The paper conducts an in‐depth evaluation of literary translation quality by developing a new annotated corpus, LitEval-Corpus, which consists of over 2,000 paragraph-level segments and approximately 13,000 sentences, spanning four language pairs. The corpus incorporates verified human translations (covering both classical and contemporary works) alongside outputs from nine diverse machine translation systems. These systems include commercial models, transformer-based sentence-level models, and various sizes of open-source LLM systems, with particular attention paid to comparing outputs from recent LLMs such as GPT-4o with earlier systems.
The evaluation framework is multifaceted and examines three human annotation schemes:
- Multidimensional Quality Metrics (MQM): An error-span-based method that follows specific categorization guidelines.
- Scalar Quality Metric (SQM): A Likert-type rating scale ranging from 0 to 6 that assesses overall quality, with particular emphasis on stylistic and aesthetic aspects.
- Best-Worst Scaling (BWS): A direct comparative approach that requires annotators to select the best and worst outputs among a subset of systems.
Human evaluations are conducted by both student annotators (with basic linguistic and translation training) and professional translators with established publication records. The intra-annotator and inter-annotator agreement analyses indicate that while MQM and SQM produce moderate agreement levels—Kendall’s tau in the range of approximately 0.43 to 0.66—the BWS method tends to yield slightly better consistency (Cohen’s kappa averaging around 0.57). Notably, discrepancies are observed between student and professional evaluations, with professional SQM evaluations preferring human translations at rates approaching 100% in certain language pairs (e.g., De-En and De-Zh), in stark contrast to student MQM and SQM where preferences for human translation hover around 42%.

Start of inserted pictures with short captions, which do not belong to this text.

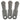 Weed Warrior Residential Grade 6.75 in. L Brush Cutter Blade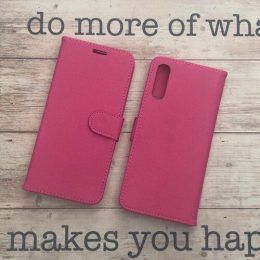 Funda para Samsung Galaxy A50 A30s A50s con Tapa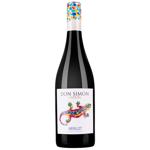 Вино Don Simon Merlot красное сухое 12,5% 0,75л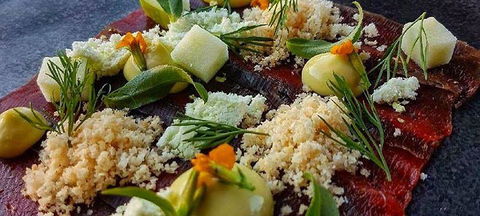 Maxwell Restaurant - Great Ocean Road Restaurant 1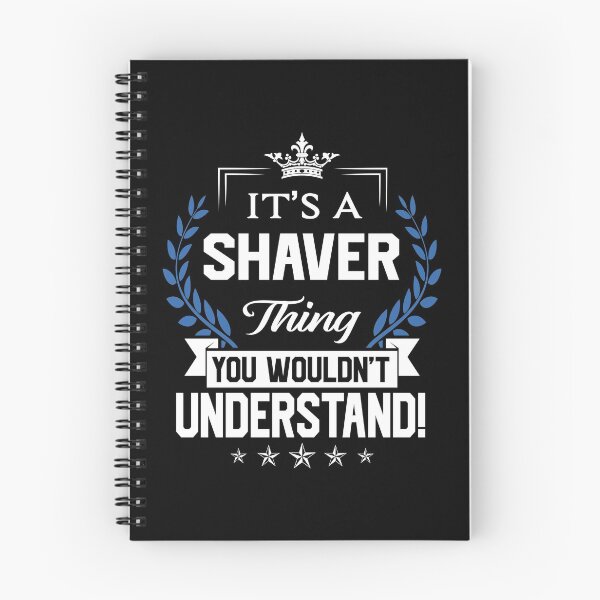 Item preview, Shaver Name T Shirt - Shaver Things Name 2 Gift Item Tee designed and sold by eroscamila.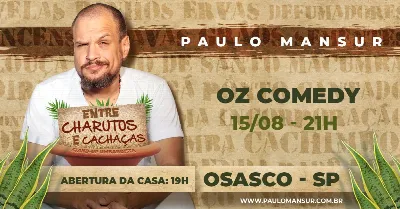 PAULO MANSUR EM OSASCO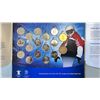 Image 3 : 2 BOOKS OF 2010 VANCOUVER OLYMPICS COIN COLLECTION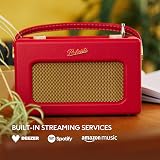 Roberts Revival iSTREAML FM DAB DAB+ Internet Digital Radio with Bluetooth view 8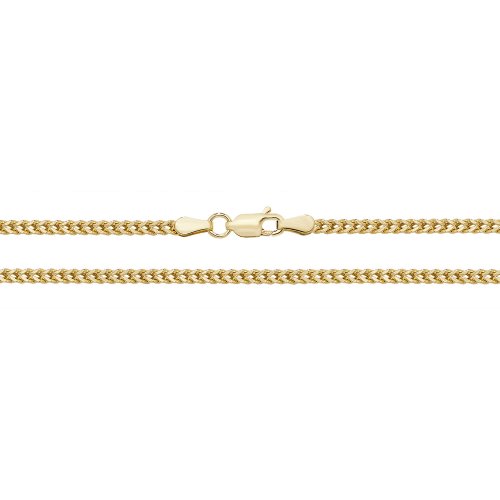 9ct Gold Franco Chain 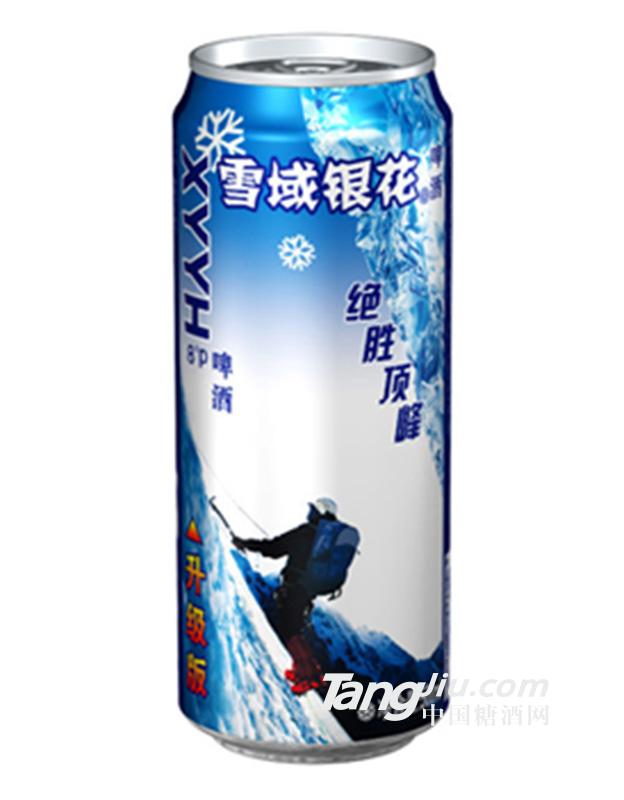 雪域银花-绝胜顶峰-500ml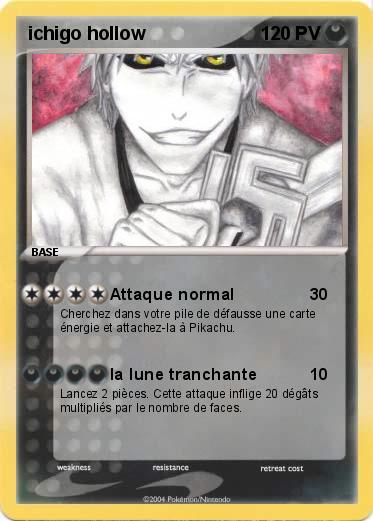 Pokemon ichigo hollow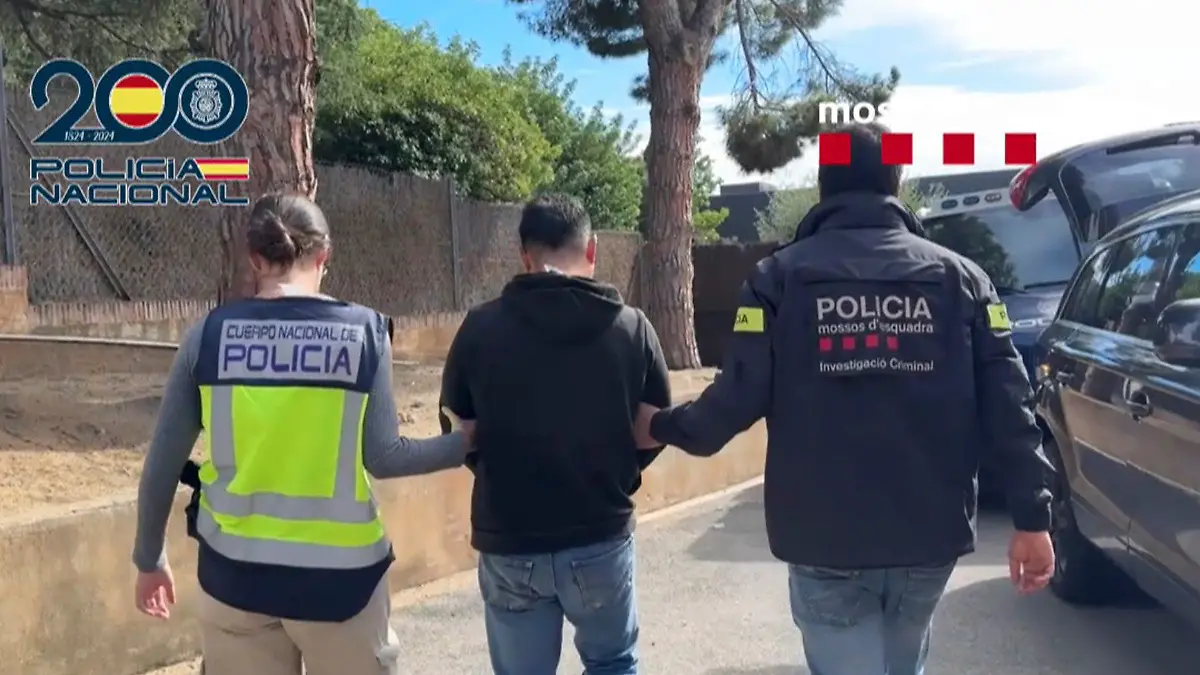 Detienen a 14 miembros del cártel de Sinaloa en España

The paper also benchmarks several automatic evaluation metrics. In particular, GEMBA-MQM—both in its original form and a variant adapted with literary-specific knowledge—is compared against metrics such as Prometheus 2, XCOMET-XL, and XCOMET-XXL. Key findings include:
- Correlation with Human Judgments: GEMBA-MQM consistently demonstrates moderate segment-level correlation with human MQM scores. However, despite its relative superiority over other automatic methods, it struggles to reliably differentiate between high-quality human translations and outputs from top-performing LLMs. For example, GEMBA-MQM (Literary) only favors human translations over those from top LLM systems in roughly 9.6% of cases, which is significantly lower than the near-94% preference indicated by professional SQM evaluations.
- Aspect Sensitivity: An analysis of correlations across error categories reveals that all the state-of-the-art metrics predominantly capture Accuracy-related errors while exhibiting much weaker performance when evaluating Fluency, Style, and Terminology. For instance, while Accuracy errors correlate strongly between human and automatic scores—even surpassing full correlation in select language pairs—the correlations for other essential dimensions of literary translation remain poor.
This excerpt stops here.